First, the Beatles played host to a press launch at manager Brian Epstein’s London home for Sgt. Pepper’s Lonely Hearts Club Band, which was to come out in two weeks. This was the first time anyone outside their inner circle had heard the album. Also on hand was photographer Linda Eastman, who took her first photos of the Beatles. Her presence at the champagne-and-caviar event marked the second time she met Paul McCartney, cementing an attraction.
May 19 was also the day that the British Broadcasting Corporation selected the Beatles to participate in the upcoming Our World broadcast. They would debut “All You Need is Love” at the June 25 event, which was billed as the first-ever live, international satellite television production. Each of the scheduled performers was meant to embody their native countries; in keeping, a spokesperson called the Beatles, “the best of their kind.”
Even as the BBC was publicly praising the Beatles, however, they were also becoming increasingly uncomfortable with certain aspects of the band’s music. The third significant event on May 19 followed as the BBC banned “A Day in the Life” from its radio and television airwaves. The reason: They felt the song contained references to illicit drugs.

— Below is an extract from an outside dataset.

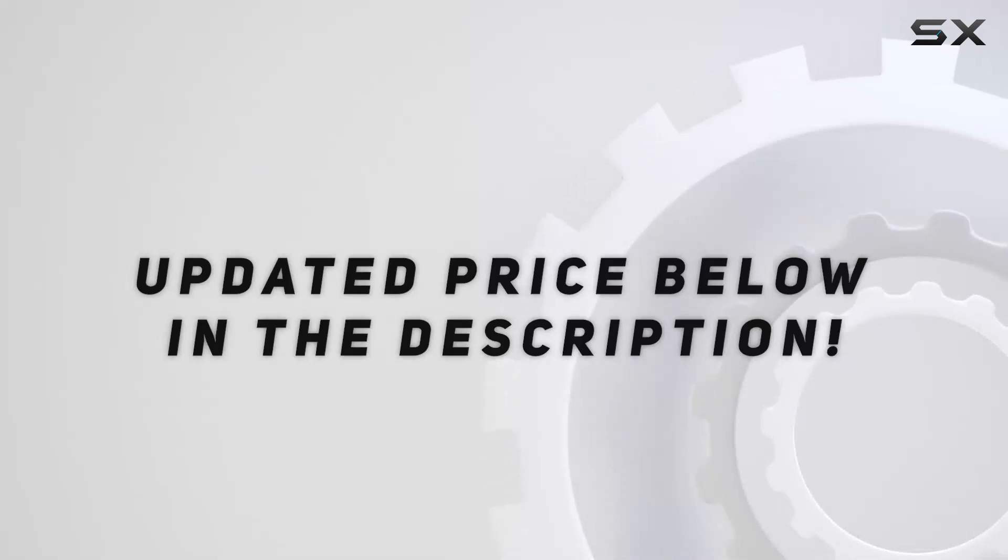Check out the video description for an updated price, and thank you for watching this video.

McCartney, while still at the Sgt. Pepper launch party, pushed back. “The BBC have misinterpreted the song,” he told the Associated Press. “It has nothing to do with drug taking. It’s only about a dream.” Of course, Paul would later admit that he and John Lennon were, in fact, referencing drugs in the lyrics – all while giving each other a “knowing look.” But the two couldn’t admit that to the media.

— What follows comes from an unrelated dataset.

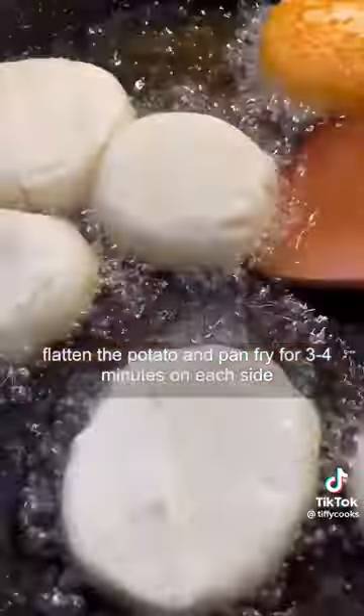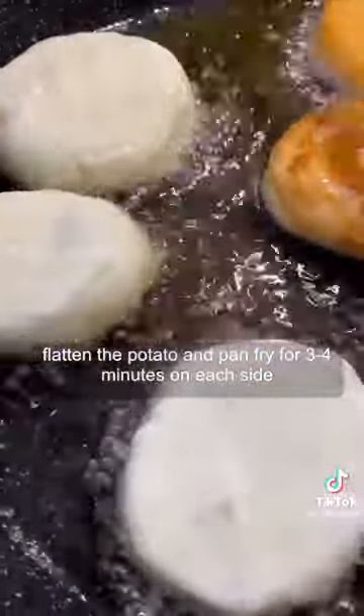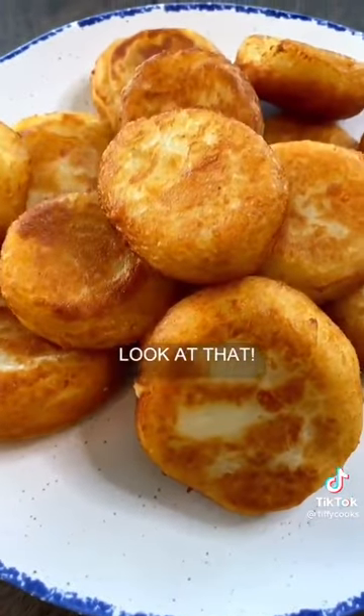Lightly flatten the potato, then pan fry for three to four minutes on each side. Look at that.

Besides, that’s not all “A Day in the Life” was about, given that the song’s impetus came from a report that friend Tara Browne had been killed in car accident. “The laugh is that Paul and I wrote this song from a headline in a newspaper. It’s about a crash and its victim,” Lennon said. “How can anyone read drugs into it is beyond me. Everyone seems to be falling overboard to see the word drug in the most innocent of phrases.”

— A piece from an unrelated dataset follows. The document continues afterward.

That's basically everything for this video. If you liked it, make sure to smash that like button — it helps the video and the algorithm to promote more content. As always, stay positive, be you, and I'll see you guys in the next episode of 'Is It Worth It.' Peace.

The BBC’s principal issue was the line “I’d love to turn you on.” A few days later, on May 23, BBC Director of Sound Broadcasting Frank Gillard wrote an apologetic letter to the head of EMI laying out their objections. “The recording may have been made in innocence and good faith, but we must take account of the interpretation that many young people would inevitably put upon it,” Gillard wrote. “‘Turned on’ is a phrase which can be used in many different circumstances, but it is currently much in vogue in the jargon of the drug-addicts.”
Radio personality Kenny Everett attended the Sgt. Pepper launch party to record interviews with the Beatles for the BBC’s Where It’s At, which would be broadcast on May 20. He played every track on Sgt. Pepper – except “A Day in the Life.” Ironically, a song with an actual reference to getting high (“With a Little Help From My Friends”) and another thought to be about LSD (“Lucy in the Sky With Diamonds”) both aired.
Of course, the BBC’s decision did little to stop the success of Sgt. Pepper’s Lonely Hearts Club Band. It might even have enhanced the revered album’s association with psychedelics. Meanwhile, this brand of censorship – which was lifted in 1972 – was a far cry from what the Beatles experienced with the LP in elsewhere in the world. When EMI released Sgt. Pepper in Southeast Asia, for instance, entire songs were removed – including “A Day in the Life,” “With a Little Help From My Friends” and “Lucy in the Sky With Diamonds.” They were replaced by “The Fool on the Hill,” “Baby, You’re a Rich Man” and “I Am the Walrus,” songs that would later appear on Magical Mystery Tour. A South Korean edition also deleted “Lucy” and “Day” because of drug references.
Once again, all of this censorship had a tinge of irony. While the banned songs may have been influenced by drugs, a track later described by McCartney as a flat-out “ode to pot” made it through. “Fixing a Hole” appeared on every release and went unbanned by radio.